Thanks for the link! For those that didn't look at the link, Homu is actually written in Python and not Rust (the website for the project is what's written in Rust). Berker has actually said he is beginning to look into writing a bot for our needs so he might be interested in this. A quick perusal suggests it probably needs to be modified to understand supporting multiple branches. I also don't know if it supports the fast-forwarding/rebasing commits we want, but I doubt that would be difficult to add. It probably also needs to grow an extension system somehow to support custom NEWS entries for us. But it probably would be really nice for the Python and Rust communities to share some of the infrastructure burden by working on the same tooling (especially if we even consider using their auto-assignment to help get patches reviewed). On Wed, 30 Dec 2015 at 20:21 Nick Coghlan <ncoghlan@gmail.com> wrote:
(Note: near term, this probably isn't a useful idea, as the current GitHub & GitLab proposals aren't proposing the introduction of merge gating, merely advisory testing of PRs, so folks will remain free to merge patches locally and push them up to the master repository. However, I think pre-merge testing is a good idea long term, with approving our own PRs taking the place of pushing directly to the development and maintenance branches)
I recently came across an old article [1] by Rust's Graydon Hoare regarding their approach to pre-merge testing of commits using GitHub PRs and Buildbot. Following up on that brought me to a more up to date explanation of their current bot setup [2], and the http://homu.io/ service for running it against a project without hosting your own instance (in our case, if we did run a service like Homu, we'd likely still want to host our own instance, as Mozilla do for Rust and Servo).
Similar to OpenStack's Zuul, Homu serialises commits, ensuring that the test suite is passing *before* code lands on the target branch.
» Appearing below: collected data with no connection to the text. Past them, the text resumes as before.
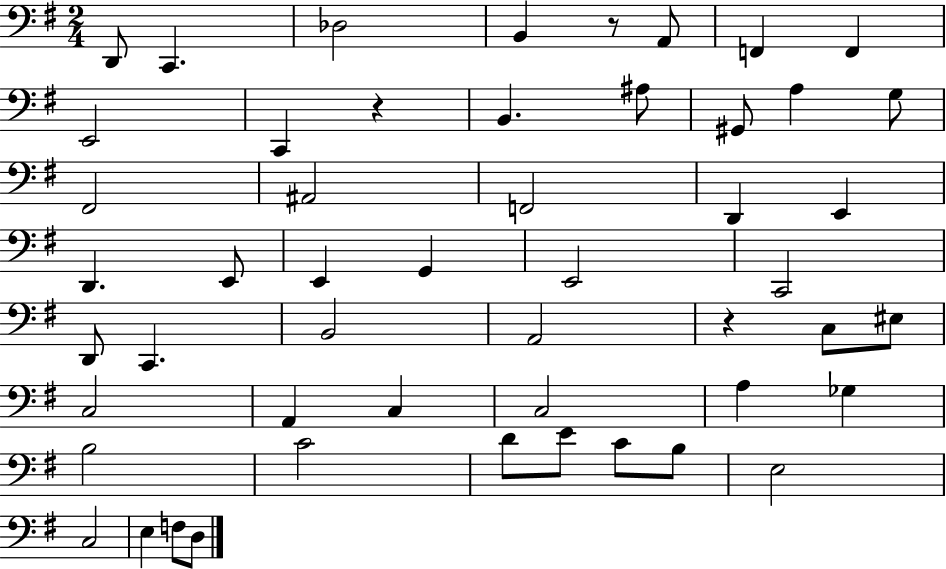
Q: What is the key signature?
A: G major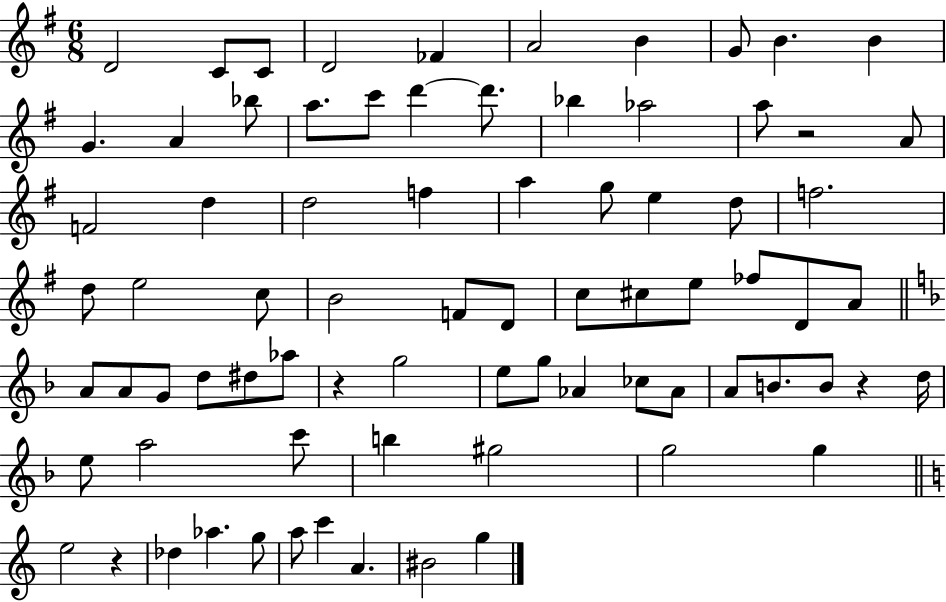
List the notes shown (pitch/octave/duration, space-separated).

D4/h C4/e C4/e D4/h FES4/q A4/h B4/q G4/e B4/q. B4/q G4/q. A4/q Bb5/e A5/e. C6/e D6/q D6/e. Bb5/q Ab5/h A5/e R/h A4/e F4/h D5/q D5/h F5/q A5/q G5/e E5/q D5/e F5/h. D5/e E5/h C5/e B4/h F4/e D4/e C5/e C#5/e E5/e FES5/e D4/e A4/e A4/e A4/e G4/e D5/e D#5/e Ab5/e R/q G5/h E5/e G5/e Ab4/q CES5/e Ab4/e A4/e B4/e. B4/e R/q D5/s E5/e A5/h C6/e B5/q G#5/h G5/h G5/q E5/h R/q Db5/q Ab5/q. G5/e A5/e C6/q A4/q. BIS4/h G5/q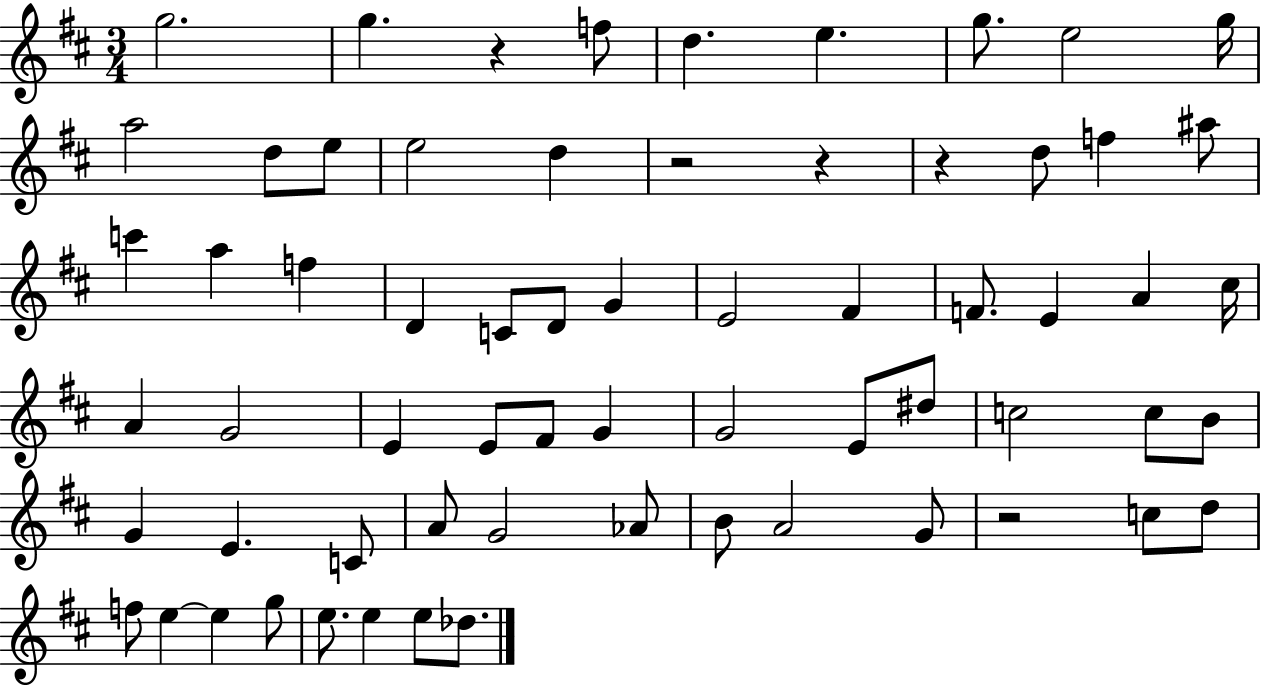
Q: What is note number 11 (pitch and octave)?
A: E5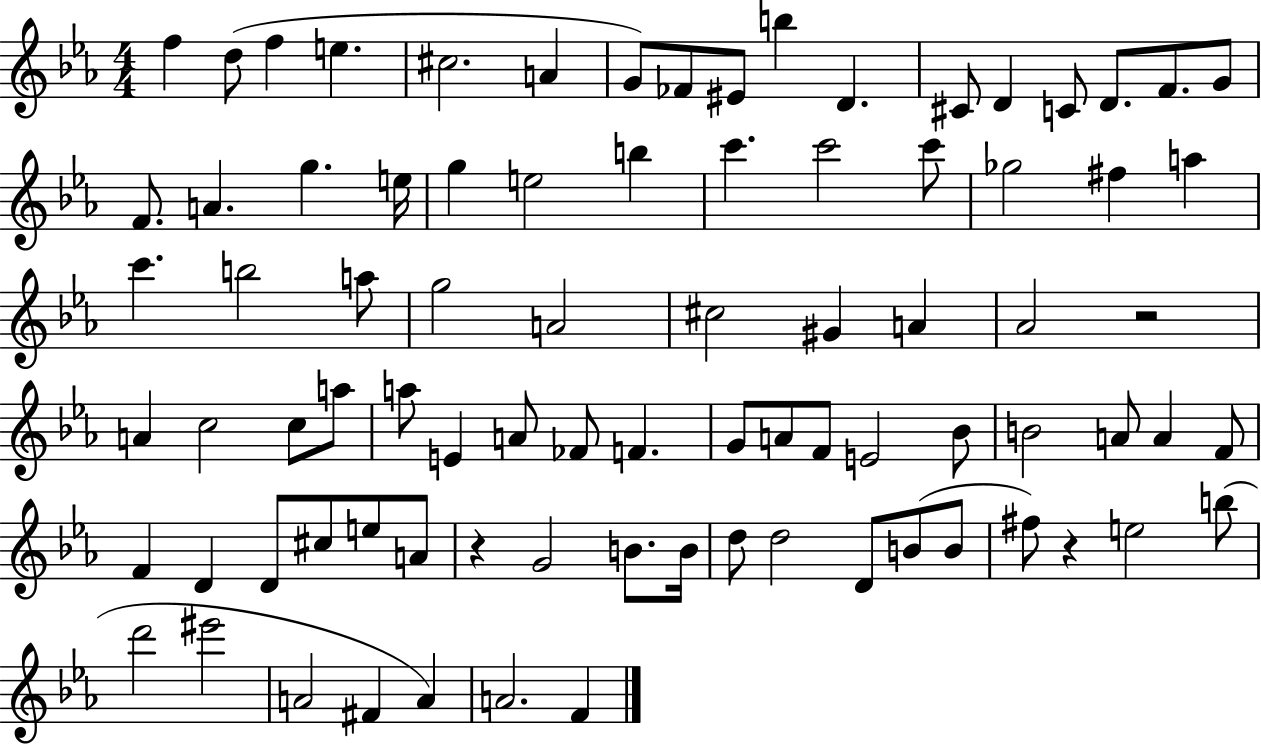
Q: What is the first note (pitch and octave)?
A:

The relevant differences are that Homu is designed to use GitHub PRs rather than Gerrit reviews as the event source, and Travis CI and Buildbot rather than Jenkins as the CI backends for actually running the integration tests. (Homu is also currently missing Zuul's "speculative test pipeline" feature, which allows it to test multiple commits in parallel on the assumption that most of them will pass due to prior testing in isolation, but has a separate feature that allows PRs to be tagged for inclusion in "rollup" commits that land several changes at once after testing them as a group)
The current merge queue for Rust itself can be seen at http://buildbot.rust-lang.org/homu/queue/rust
Regards, Nick.
[1] http://graydon2.dreamwidth.org/1597.html [2] http://huonw.github.io/blog/2015/03/rust-infrastructure-can-be-your-infrastr...
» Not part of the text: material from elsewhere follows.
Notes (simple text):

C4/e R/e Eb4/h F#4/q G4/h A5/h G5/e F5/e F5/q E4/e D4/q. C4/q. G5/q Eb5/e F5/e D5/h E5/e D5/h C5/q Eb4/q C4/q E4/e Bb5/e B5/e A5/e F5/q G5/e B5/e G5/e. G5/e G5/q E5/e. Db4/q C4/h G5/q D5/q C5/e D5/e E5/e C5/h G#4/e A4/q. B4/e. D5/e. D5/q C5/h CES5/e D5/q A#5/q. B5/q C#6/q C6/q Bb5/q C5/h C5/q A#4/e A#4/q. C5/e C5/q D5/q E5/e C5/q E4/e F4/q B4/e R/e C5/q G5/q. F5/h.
-- Nick Coghlan | ncoghlan@gmail.com | Brisbane, Australia _______________________________________________ core-workflow mailing list core-workflow@python.org https://mail.python.org/mailman/listinfo/core-workflow This list is governed by the PSF Code of Conduct: https://www.python.org/psf/codeofconduct

On 1 January 2016 at 06:21, Brett Cannon <brett@python.org> wrote:
Thanks for the link! For those that didn't look at the link, Homu is actually written in Python and not Rust (the website for the project is what's written in Rust).
Berker has actually said he is beginning to look into writing a bot for our needs so he might be interested in this.
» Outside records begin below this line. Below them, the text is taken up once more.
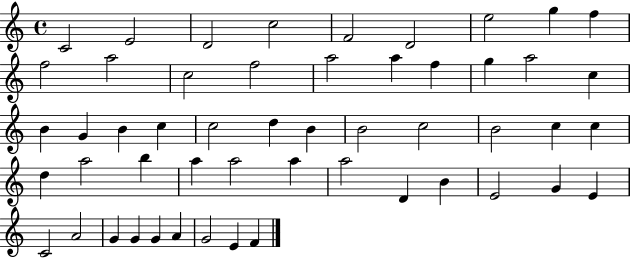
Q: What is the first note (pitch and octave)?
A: C4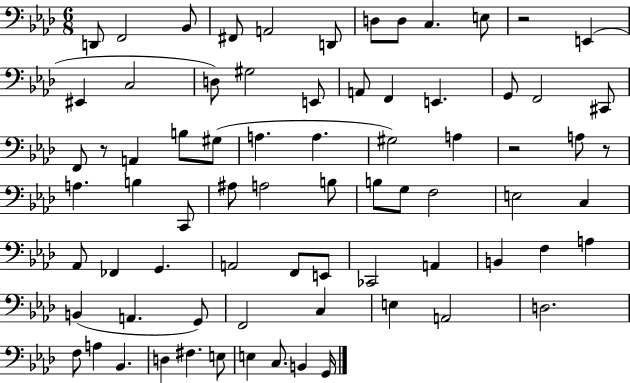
D2/e F2/h Bb2/e F#2/e A2/h D2/e D3/e D3/e C3/q. E3/e R/h E2/q EIS2/q C3/h D3/e G#3/h E2/e A2/e F2/q E2/q. G2/e F2/h C#2/e F2/e R/e A2/q B3/e G#3/e A3/q. A3/q. G#3/h A3/q R/h A3/e R/e A3/q. B3/q C2/e A#3/e A3/h B3/e B3/e G3/e F3/h E3/h C3/q Ab2/e FES2/q G2/q. A2/h F2/e E2/e CES2/h A2/q B2/q F3/q A3/q B2/q A2/q. G2/e F2/h C3/q E3/q A2/h D3/h. F3/e A3/q Bb2/q. D3/q F#3/q. E3/e E3/q C3/e. B2/q G2/s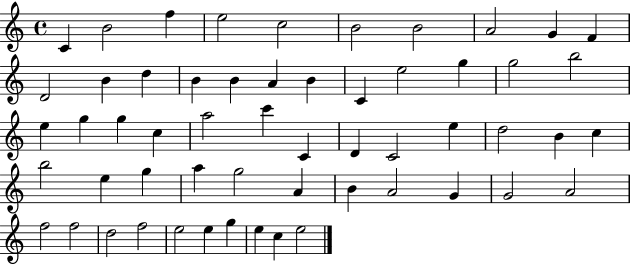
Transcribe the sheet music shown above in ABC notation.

X:1
T:Untitled
M:4/4
L:1/4
K:C
C B2 f e2 c2 B2 B2 A2 G F D2 B d B B A B C e2 g g2 b2 e g g c a2 c' C D C2 e d2 B c b2 e g a g2 A B A2 G G2 A2 f2 f2 d2 f2 e2 e g e c e2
A quick perusal suggests it probably needs to be modified to understand supporting multiple branches. I also don't know if it supports the fast-forwarding/rebasing commits we want, but I doubt that would be difficult to add. It probably also needs to grow an extension system somehow to support custom NEWS entries for us.
Which reminds me, Amber Brown recently wrote a NEWS file generator based on the file-per-issue model, later assembled into a NEWS file section as part of the project's release process: https://github.com/hawkowl/towncrier It's aimed more at projects with a simple linear release history rather than CPython's branching sprawl, though. Cheers, Nick. -- Nick Coghlan | ncoghlan@gmail.com | Brisbane, Australia

Larry Hastings also wrote one that's attached to the issue regarding fixing the NEWS merge problem. On Thu, 31 Dec 2015, 20:47 Nick Coghlan <ncoghlan@gmail.com> wrote:
On 1 January 2016 at 06:21, Brett Cannon <brett@python.org> wrote:
Thanks for the link! For those that didn't look at the link, Homu is actually written in Python and not Rust (the website for the project is what's written in Rust).
Berker has actually said he is beginning to look into writing a bot for our needs so he might be interested in this.
A quick perusal suggests it probably needs to be modified to understand supporting multiple branches. I also don't know if it supports the fast-forwarding/rebasing commits we want, but I doubt that would be difficult to add. It probably also needs to grow an extension system somehow to support custom NEWS entries for us.
Which reminds me, Amber Brown recently wrote a NEWS file generator based on the file-per-issue model, later assembled into a NEWS file section as part of the project's release process: https://github.com/hawkowl/towncrier
It's aimed more at projects with a simple linear release history rather than CPython's branching sprawl, though.
Cheers, Nick.
-- Nick Coghlan | ncoghlan@gmail.com | Brisbane, Australia

On Thu, Dec 31, 2015 at 1:21 PM, Brett Cannon <brett@python.org> wrote:
Thanks for the link! For those that didn't look at the link, Homu is actually written in Python and not Rust (the website for the project is what's written in Rust).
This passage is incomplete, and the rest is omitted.